Abstract

Silicon plays a very important role in the growth of rice. The study of the relationship between rice and silicon has become a hot area in the last decade. Currently, the silica-molybdenum blue spectrophotometric method is mostly used for the determination of silicon content in rice. However, the results of this method vary greatly due to the different choices of reducing agents, measurement wavelengths and color development times. In this work, we present for the first time an electrochemical sensor for the detection of silicon content in rice. This electrochemical analysis technique not only provides an alternative detection strategy, but also, due to the rapid detection by electrochemical methods and the miniaturization of the instrument, it is suitable for field testing. Methodological construction using electrochemical techniques is a key objective. The silicon in rice was extracted by HF and becomes silica after pH adjustment. The silica was then immobilized onto the glassy carbon surface. These silica nanoparticles provided additional specific surface area for adsorption of sodium borohydride and Ag ions, which in turn formed Ag nanoparticles to fabricate an electrochemical sensor.
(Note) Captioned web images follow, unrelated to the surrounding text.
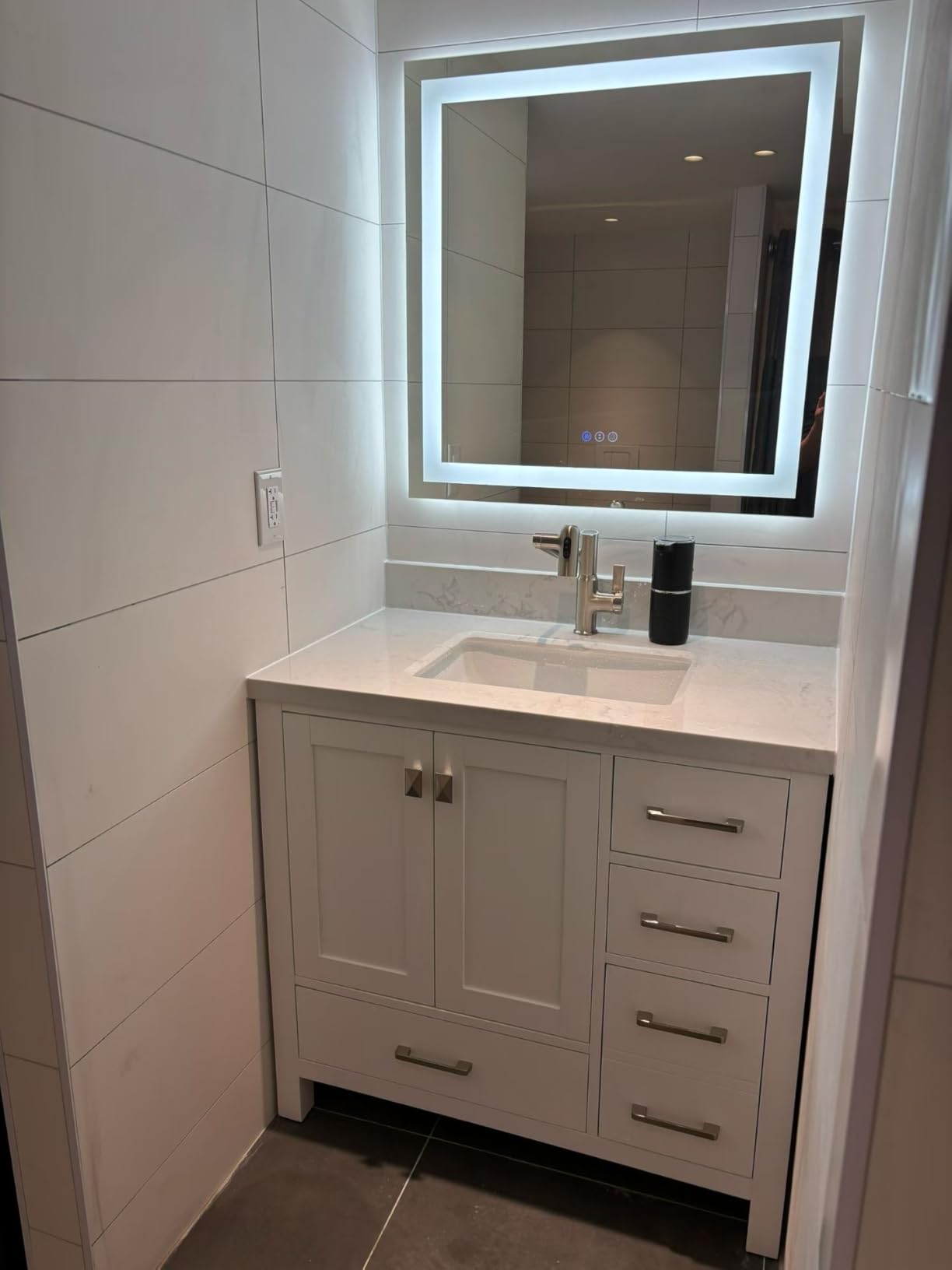 Amorho LED Mirror for Bathroom 36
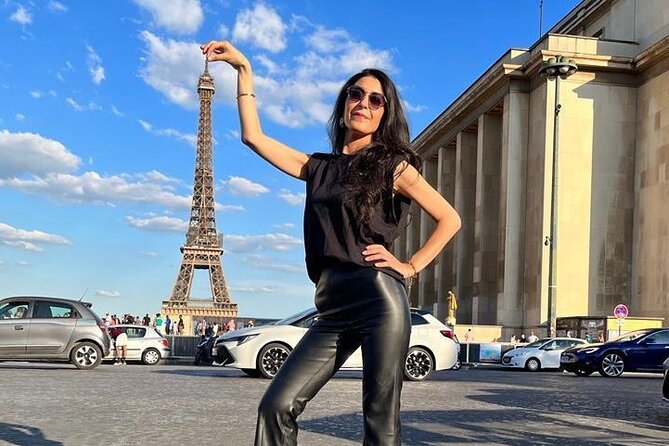 Paris Private Tour with Tuktukyourcity - From the Arc de Triomphe to the Louvre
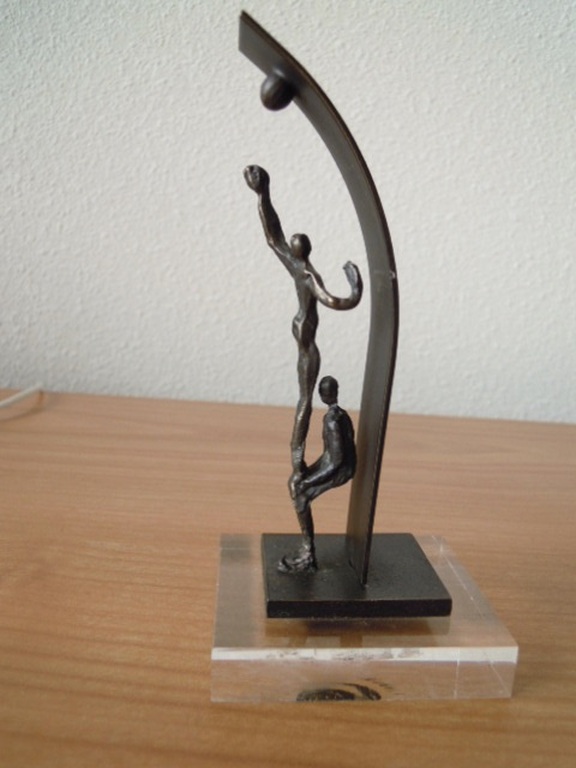 Beeldje van Corry Ammerlaan - samen sterk - 13 cm hoog. kopen? Bied vanaf 20!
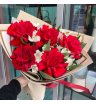 французские розы с белой альстромерией
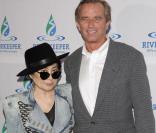 Yoko Ono et Robert F. Kennedy Jr au Riverkeeper Fishermen's Ball au Pier Sixty, New York, le 16 avril 2013.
The proposed electrochemical sensor can be used for indirect measurements of 10–400 mg/L of SiO2, and thus, the method can measure 4.67–186.8 mg/g of silicon. The electrochemical sensor can be used to be comparable with the conventional silicon-molybdenum blue spectrophotometric method. The RSD of the current value was only 3.4% for five sensors. In practical use, 200 samples of glume, leaf, leaf sheath and culm were tested. The results showed that glume had the highest silicon content and culm had the lowest silicon content. The linear correlation coefficients for glume, leaf, leaf sheath and culm were 0.9841, 0.9907, 0.9894 and 0.993, respectively.

Highlights

  • Silicon is one of the beneficial elements for all plants and is one of the essential nutrients for species of the Poaceae, Beta, Equisetum and some diatom species [1,2,3]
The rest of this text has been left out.